Contractors and the owners who hire them have always looked for ways to shorten construction timelines and shave costs off their budgets. But with the health and safety of their workforce top of mind, construction professionals have another priority: reducing the number of laborers who actually need to be on-site at one time.
While masks and temperature checks can help, reducing the human density of a construction site is perhaps the most effective tool for preventing viral transmission. To lower the amount of labor they need, contractors and owners are now enlisting the aid of scientifically advanced construction materials.
“We’ve definitely seen an increase in inquiries as a result of the shutdowns and site requirements,” said Tim Yeiser, president of Dricrete, a construction materials company. “Contractors are trying to get as much work done as quickly and efficiently as possible, and we’ve known for decades that one of the best ways to do that is to rely on chemistry.”

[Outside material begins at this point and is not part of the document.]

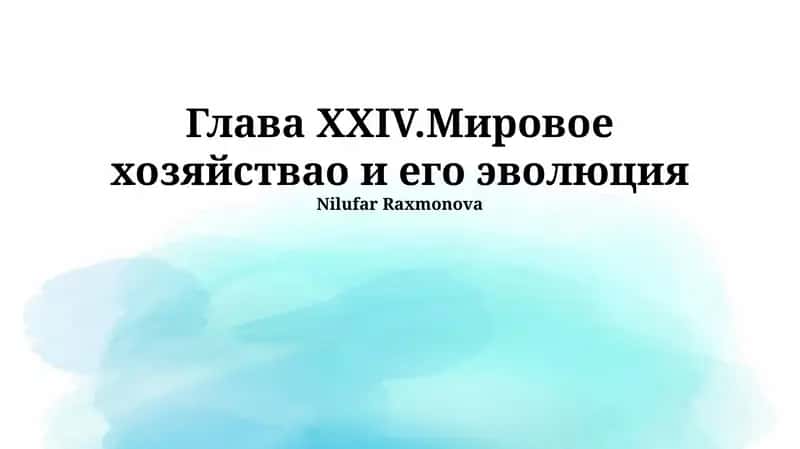 Мировое хозяйствао и его эволюция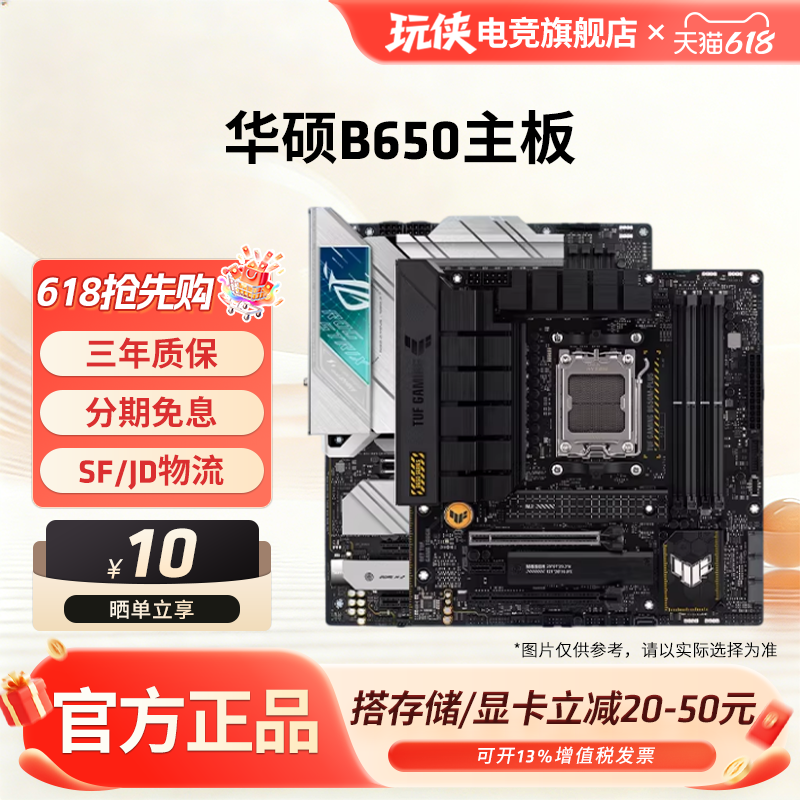 ASUS华硕B650M重炮手吹雪天选主板台式机AM5接口支持9600X/9700X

Yeiser’s flagship product is Dricrete, a concrete additive that forms an impermeable chemical lattice to keep water out. The product is mainly used in underground parking structures in multifamily and mixed-use buildings to keep out groundwater that could otherwise seep in and damage the structure.
To build underground parking facilities, contractors would typically need to painstakingly deploy a waterproof plastic membrane across the entire job site before they could begin pouring concrete. Depending on the size of the site, that process can require 10 to 15 people, Yeiser said. On sites that use more advanced materials, the need for labor is far lower.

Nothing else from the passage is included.